- Interactive map of Khokhlovo
- Khokhlovo Location of Khokhlovo Khokhlovo Khokhlovo (Vologda Oblast)
- Coordinates: 59°08′51″N 37°23′22″E﻿ / ﻿59.14750°N 37.38944°E
- Country: Russia
- Federal subject: Vologda Oblast
- Administrative district: Kaduysky District
- First mention: 1626
- Urban-type settlement status since: 1979

Population (2010 Census)
- • Total: 2,509
- • Estimate (2023): 2,094 (−16.5%)

Municipal status
- • Municipal district: Kaduysky Municipal District
- • Urban settlement: Khokhlovskoye Urban Settlement
- • Capital of: Khokhlovskoye Urban Settlement
- Time zone: UTC+3 (MSK )
- Postal code: 162532
- OKTMO ID: 19626155051

= Khokhlovo, Kaduysky District, Vologda Oblast =

Khokhlovo (Хохло́во) is an urban locality (a work settlement) in Kaduysky District of Vologda Oblast, Russia.
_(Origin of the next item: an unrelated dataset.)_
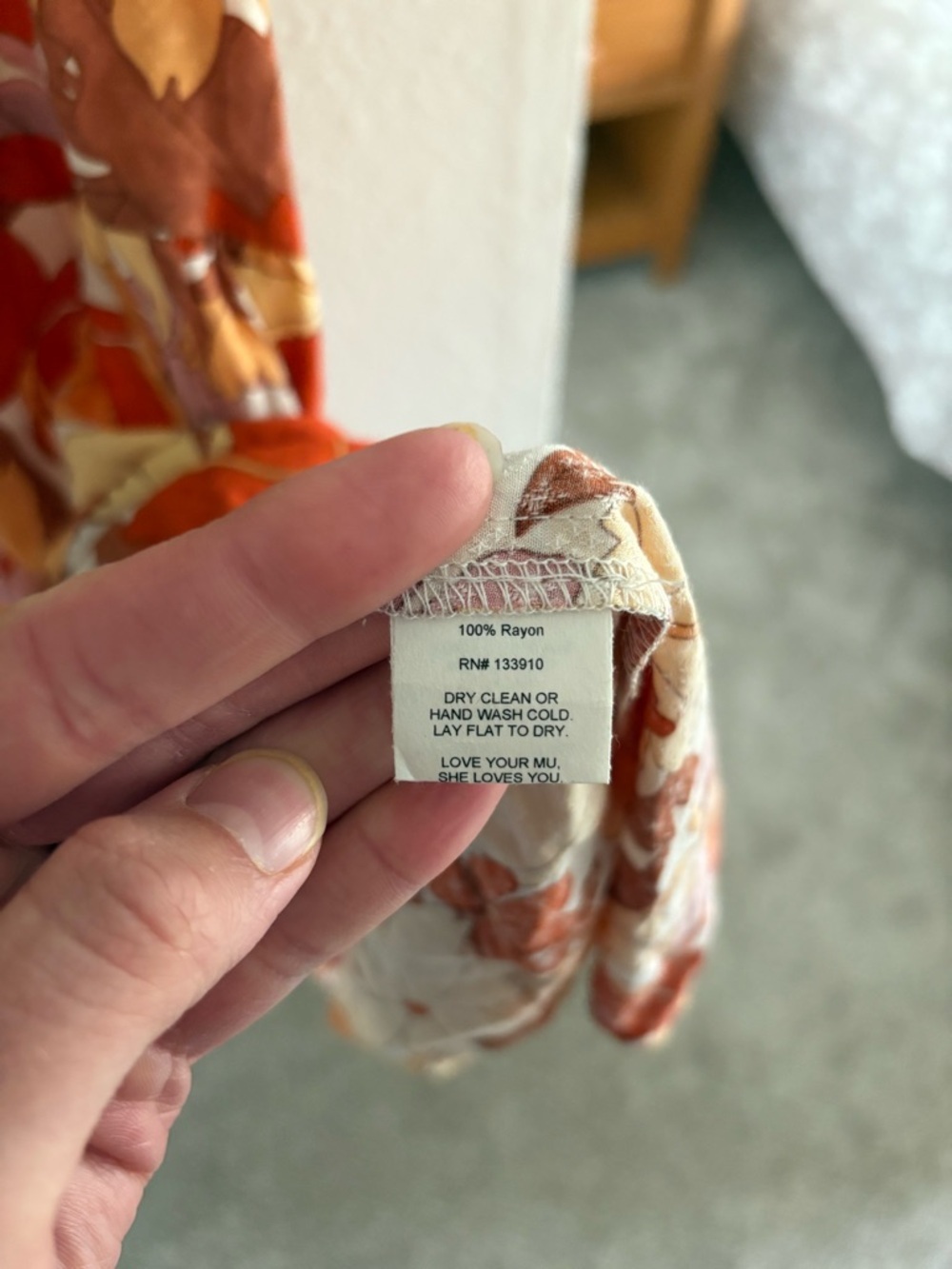 Show Me Your Mumu Orange Pink Cream Floral Tiered Dress - Picture 7 of 11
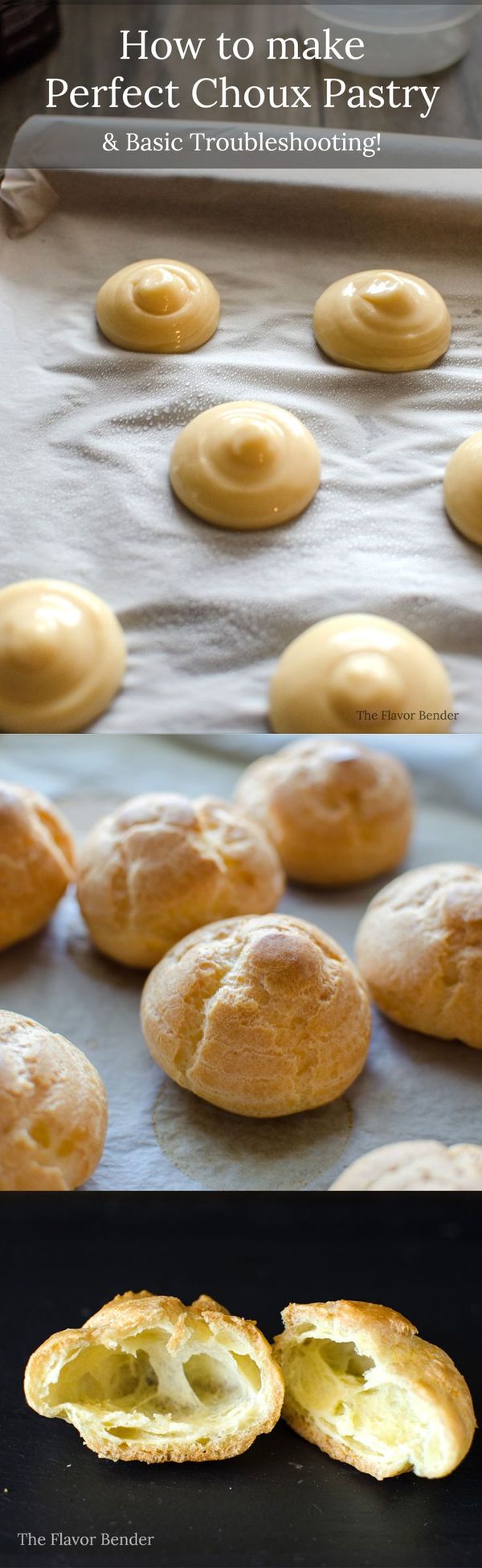 Basic Choux Pastry and Troubleshooting guide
Municipally, it is incorporated as Khokhlovskoye Urban Settlement, one of the two urban settlements in the district. Population:

==History==
Khokhlovo has been known as a village since 1626. In the 19th century, it was part of Cherepovetsky Uyezd of Novgorod Governorate. In June 1918, five uyezds of Novgorod Governorate, including Cherepovetsky Uyezd, were split off to form Cherepovets Governorate, with the administrative center in Cherepovets. On August 1, 1927 Cherepovets Governorate was abolished, and its area became Cherepovets Okrug of Leningrad Oblast. Simultaneously, uyezds were abolished, and Kaduysky District was established. On September 23, 1937, Kaduysky District was transferred to the newly established Vologda Oblast. In 1979, Khokhlovo became an urban-type settlement.

==Economy==
===Industry===
There is a food industry enterprise in Ulomskoye and a sawmill, both located in Khokhlovo.

===Transportation===
A114 highway, connecting Vologda to Cherepovets and Saint Petersburg, runs several kilometers east of Khokhlovo, and the road connecting Kaduy with Cherepovets runs several kilometers north of the settlement.

The closest railway station, Komarikha, is located several kilometers north of Khokhlovo on the railroad connecting Vologda to Saint Petersburg via Cherepovets.